13.2 LSTM An abbreviation for long short-term memory, RNN had the problem that the characteristics at the beginning became smaller, but LSTM is an improvement that can retain old information. (I want to summarize LSTM in the future)
Additions / changes from the previous chapter (Step 12)
--Neural network structure: CNN-> RNN --Handling of 0s in sequence: No special-> Special treatment as numbers for zero padding --The layer following the embedding layer must also be supported (LSTM is supported, CNN is not supported)
rnn_sample.py
model = Sequential()
model.add(get_keras_embedding(we_model.wv,
input_shape=(MAX_SEQUENCE_LENGTH, ),
mask_zero=True,
trainable=False))
model.add(LSTM(units=256))
model.add(Dense(units=128, activation='relu'))
model.add(Dense(units=n_classes, activation='softmax'))
model.compile(loss='categorical_crossentropy',
optimizer='rmsprop',
metrics=['accuracy'])
Execution result
# CNN
$ docker run -it -v $(pwd):/usr/src/app/ 15step:latest python cnn_sample.py
Epoch 50/50
917/917 [==============================] - 0s 303us/step - loss: 0.0357 - acc: 0.9924
0.6808510638297872
Epoch 100/100
917/917 [==============================] - 0s 360us/step - loss: 0.0220 - acc: 0.9902
0.6808510638297872
# LSTM
$ docker run -it -v $(pwd):/usr/src/app/ 15step:latest python rnn_sample.py
Epoch 50/50
917/917 [==============================] - 4s 4ms/step - loss: 0.2530 - acc: 0.9378
0.6063829787234043
Epoch 100/100
917/917 [==============================] - 4s 4ms/step - loss: 0.0815 - acc: 0.9793
0.5851063829787234
# Bi-directional RNN
$ docker run -it -v $(pwd):/usr/src/app/ 15step:latest python bid_rnn_sample.py
Epoch 50/50
917/917 [==============================] - 2s 2ms/step - loss: 0.2107 - acc: 0.9487
0.5851063829787234
Epoch 100/100
917/917 [==============================] - 2s 2ms/step - loss: 0.0394 - acc: 0.9858
0.5851063829787234
# GRU
Epoch 50/50
917/917 [==============================] - 1s 1ms/step - loss: 0.2947 - acc: 0.9368
0.4787234042553192
Epoch 100/100
917/917 [==============================] - 1s 1ms/step - loss: 0.0323 - acc: 0.9869
0.5531914893617021
Compare with 50 Epoch numbers.

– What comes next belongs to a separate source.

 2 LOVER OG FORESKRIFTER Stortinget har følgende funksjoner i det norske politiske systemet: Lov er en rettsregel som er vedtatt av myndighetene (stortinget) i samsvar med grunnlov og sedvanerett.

Other than CNN, the loss function did not drop even with Epoch50, so I verified it with Epoch100.
| Type of NN | Execution result | Execution speed |
|---|---|---|
| CNN | Epoch50:68.1% Epoch100:68.1% |
Average 300us/step -> 0.27s/epoch |
| LSTM | Epoch50:60.6% Epoch100:58.5% |
4ms on average/step -> 3.6s/epoch |
| Bi-directional RNN | Epoch50:58.5% Epoch100:58.5% |
Average 2ms/step -> 1.8s/epoch |
| GRU | Epoch50:47.9% Epoch100:55.3% |
Average 1ms/step -> 0.9s/epoch |
Neural network tuning such as hyperparameter search in the following chapters is required, but CNN is fast and the discrimination rate is quite good.

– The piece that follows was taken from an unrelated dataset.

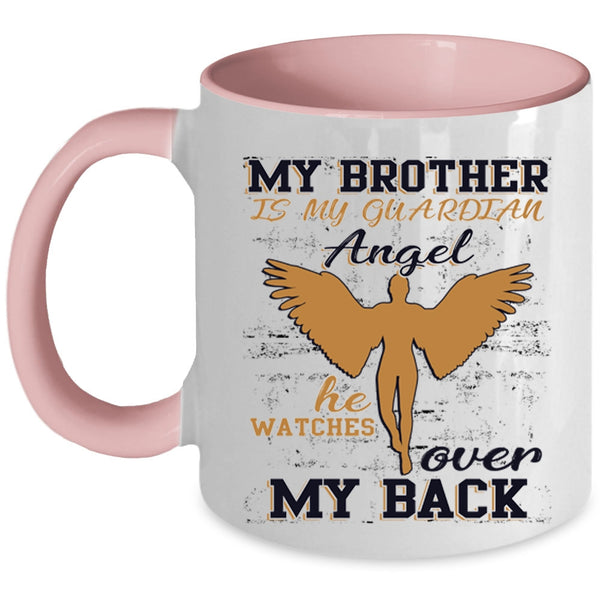 He Watches Over My Back Coffee Mug, My Brother Is My Guardian Angel Accent Mug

--Normal implementation (Step01): 37.2% --Addition of preprocessing (Step02): 43.6% --Pre-processing + feature extraction change (Step04): 58.5% --Pretreatment + feature extraction change + classifier change RandomForest (Step06): 61.7% --Pre-processing + feature extraction change + classifier change NN (Step09): 66.0% --Pretreatment + feature extraction change (Step 11): 40.4% --Pre-processing + feature extraction change + classifier change CNN (Step12): 68.1% --Pretreatment + feature extraction change + classifier change RNN (Step13): 60.6%
Since a simple RNN that simply diverted a fully connected layer similar to a multi-layer perceptron does not work well, we introduced LSTM.
The contents of Chapter 3 of this book are elementary and focus on how to use them for practical applications. In order to gain a deeper understanding of the theory, we should solidify the theory of neural networks before we start. It might be a good idea to try the Kaggle competition.